Flowpeaks analysis for flow cytometry data using MATLAB

For flow cytometry analysis, data clustering has been used extensively to partition cells into distinct groups by measuring fluorescence intensity. The traditional techniques of identifying cell populations manually have been challenged by the increasing number of the cell surface markers (data set dimensions), which resulted in the growing need of automated and high-dimensional analytical methods.
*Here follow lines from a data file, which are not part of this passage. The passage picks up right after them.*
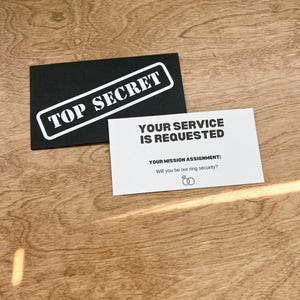 May include: A black card with the words "TOP SECRET" in white letters. Below the card is a white card with the text "YOUR SERVICE IS REQUESTED" and "YOUR MISSION ASSIGNMENT: Will you be our ring security?" with a simple illustration of two interlocking rings.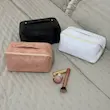 کیف آرایش چرم طرح دار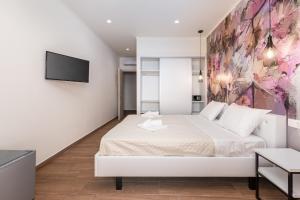 a bedroom with a bed and a tv on a wall at Aqua Luxury Suites by Estia in Roda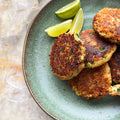 Chorizo, banana and prawn cakes with harissa yoghurt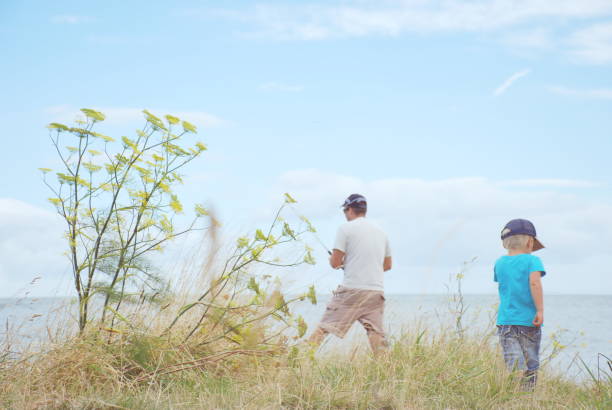 istock A Father and his Child in a Meadow 1009854842
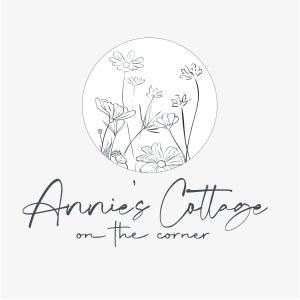 ananas coffee on the corner inscription and flowers in a circle at Annie's Cottage On The Corner in Donegal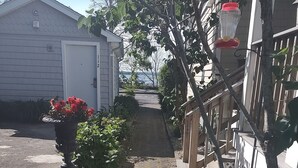 A paved pathway leading to a white building with a door and windows. There is a potted plant with red flowers and a wooden fence with lattice panels.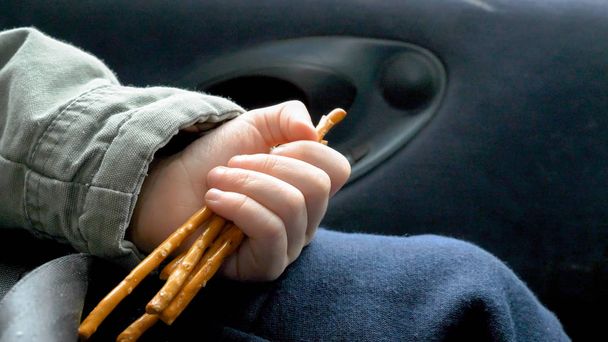 Вид крупным планом на детскую руку, держащую и поедающую печенье во время путешествия в машине
 - Фото, изображение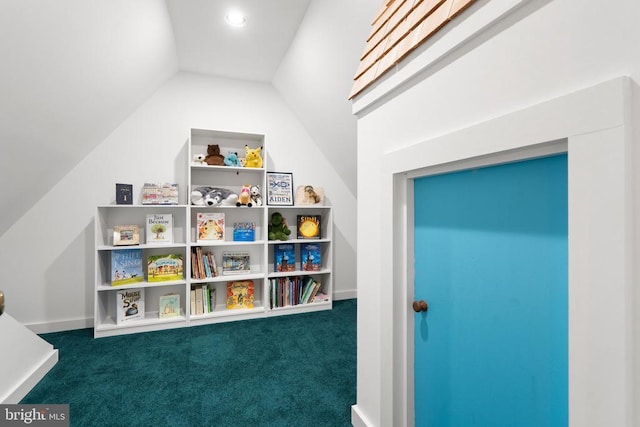  - recreation room featuring carpet floors and vaulted ceiling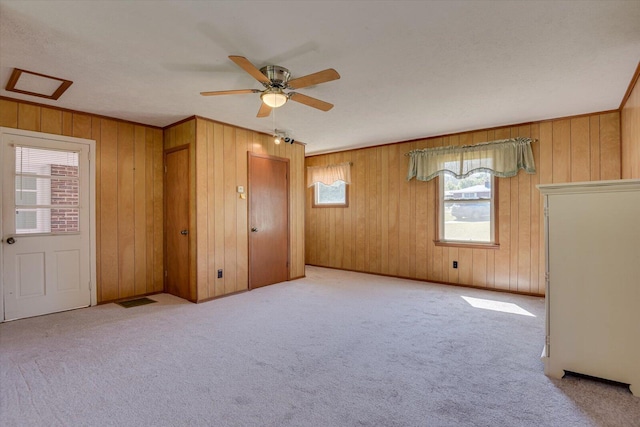 spare room featuring a ceiling fan, carpet, visible vents, and ornamental molding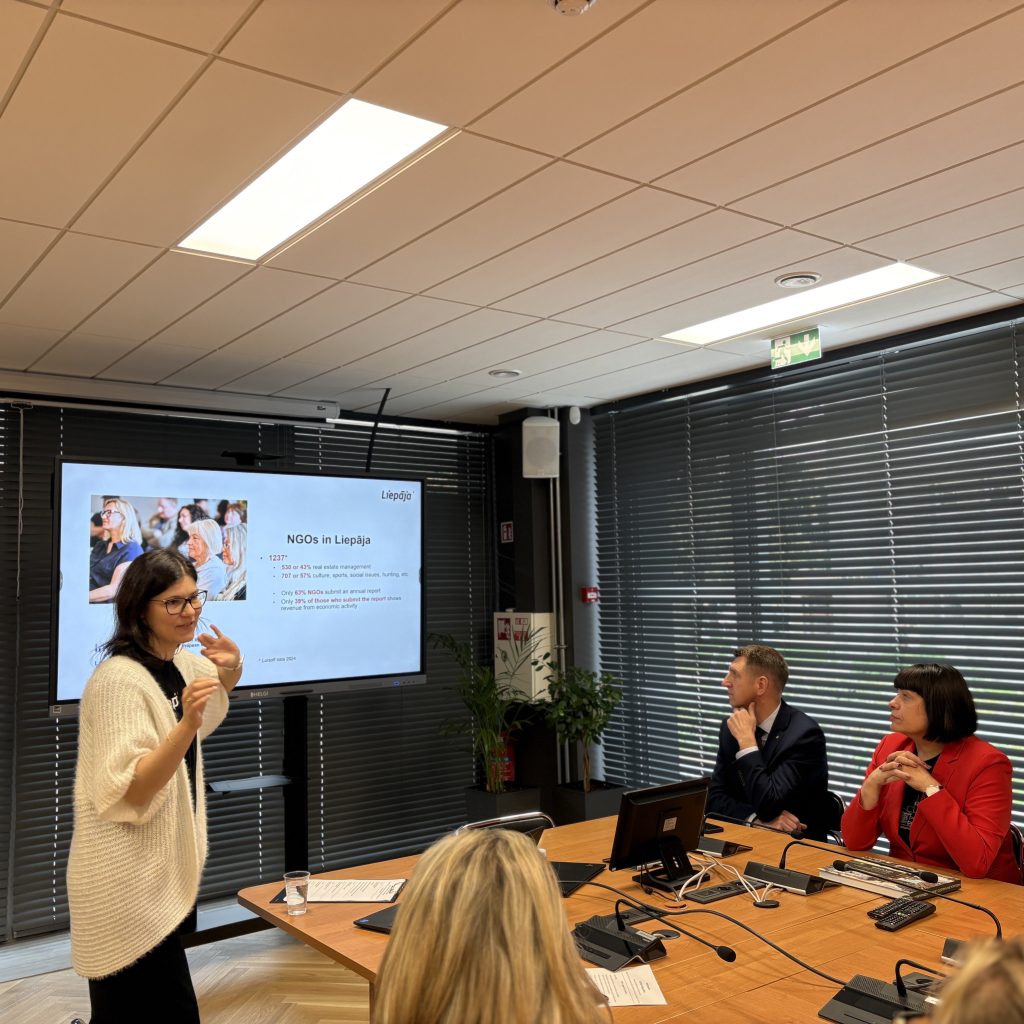 A woman presents information on NGOs in Liepāja during a meeting, with colleagues attentively listening. A large screen displays key statistics and insights about local NGOs, highlighting community engagement and social management initiatives.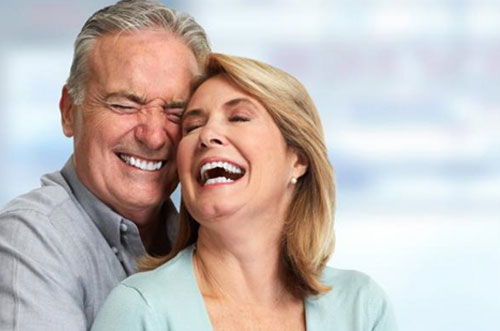 Old Couple Laughing with dentures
The main common methods used for automated clustering problems include the finite mixture model and the spatial exploration of the histograms. However, both methods have their own limitations. This project focuses on implementing a flow cytometric data algorithm that overcomes these limitations and provides efficient data clustering using MATLAB. This algorithm, called flowPeaks, is based on both the finite mixture model and the spatial exploration of the histograms to address the complexities of flow cytometric analysis and to deal with high-dimensional data without the need of transformations. The algorithm first uses the K-means algorithm to partition the data set into many small clusters. Then, the finite mixture model is used to generate a smoothed density function. After that, using the steepest-descent algorithm, the local peaks are searched and associated with each cluster. Finally, each of the points in the flow cytometric data set is classified in one of the clusters. The algorithm is automatic, fast, and robust to model reliably any cluster shape, including in the presence of outliers. The flowPeaks algorithm developed was tested using two sets of white blood cell data, provided by the Center for Biphotonics Science and Technology (CBST). The algorithm successfully partitioned both sets of data into the three clusters desired. However, this algorithm cannot distinguish a cluster within another cluster. Further studies should include this case.

Project (M.S., Electrical and Electronic Engineering)--California State University, Sacramento, 2013.